§ What needs to be done:
Please copy the data below exactly; none of the pictures in it belong in the copy.

§ Data below:
• • • • •

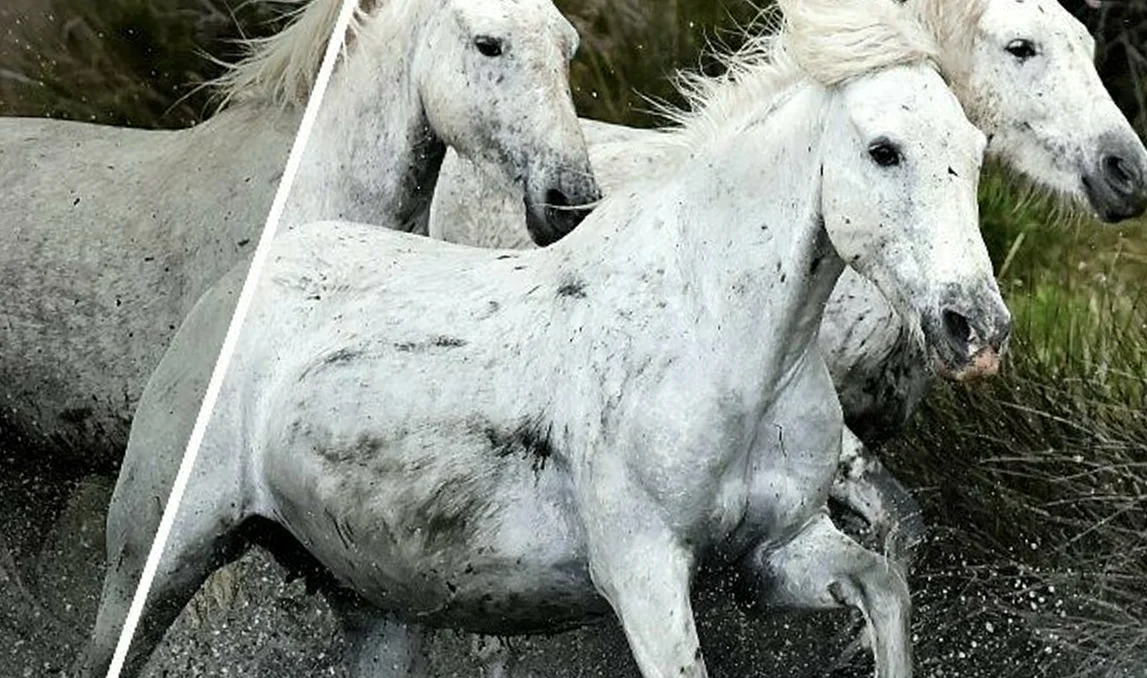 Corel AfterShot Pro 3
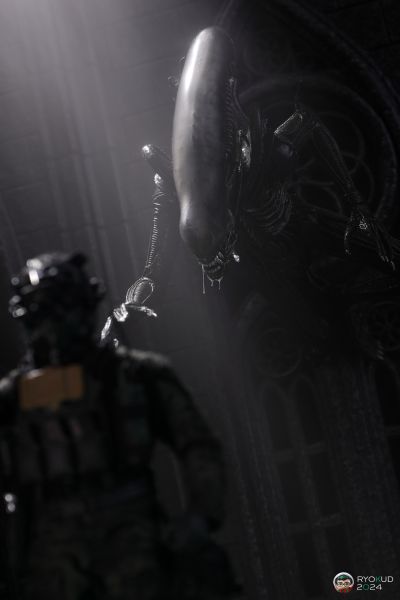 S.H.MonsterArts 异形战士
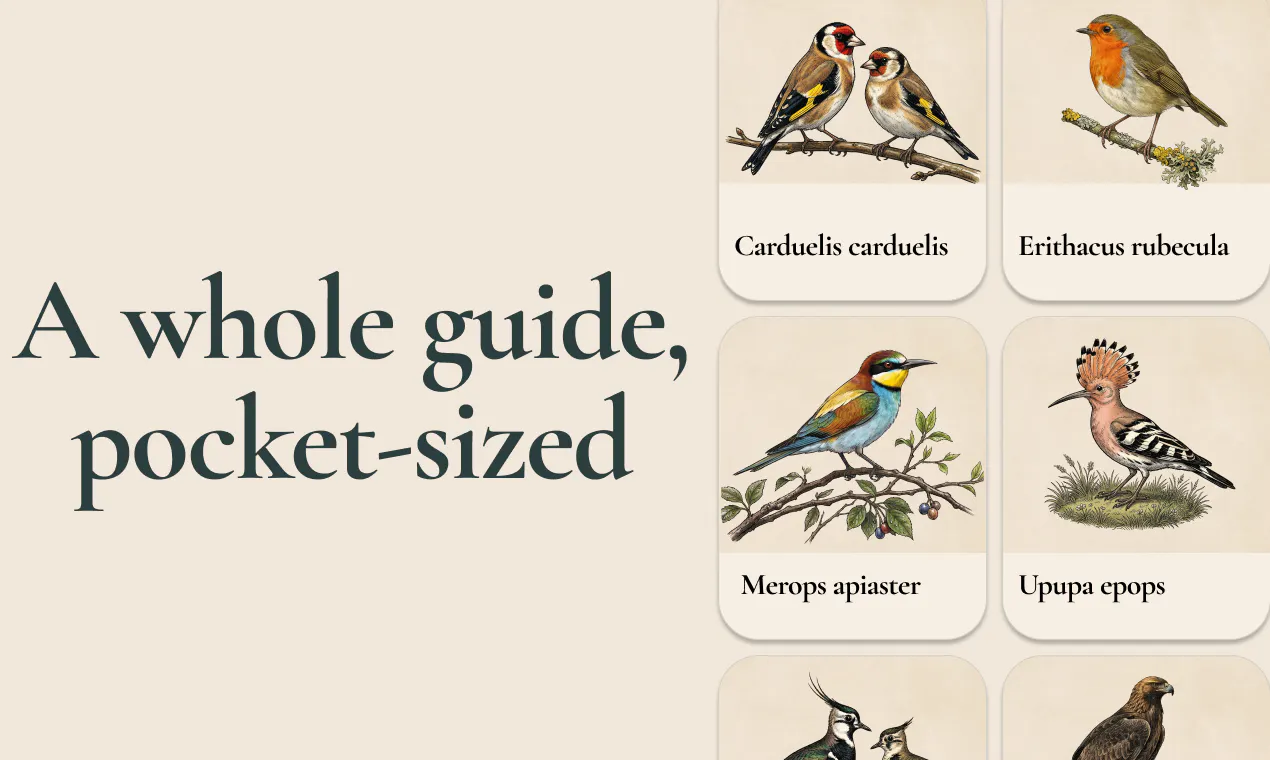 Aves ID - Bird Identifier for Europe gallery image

• • • • •

§ Response:
 Corel AfterShot Pro 3
 S.H.MonsterArts 异形战士
 Aves ID - Bird Identifier for Europe gallery image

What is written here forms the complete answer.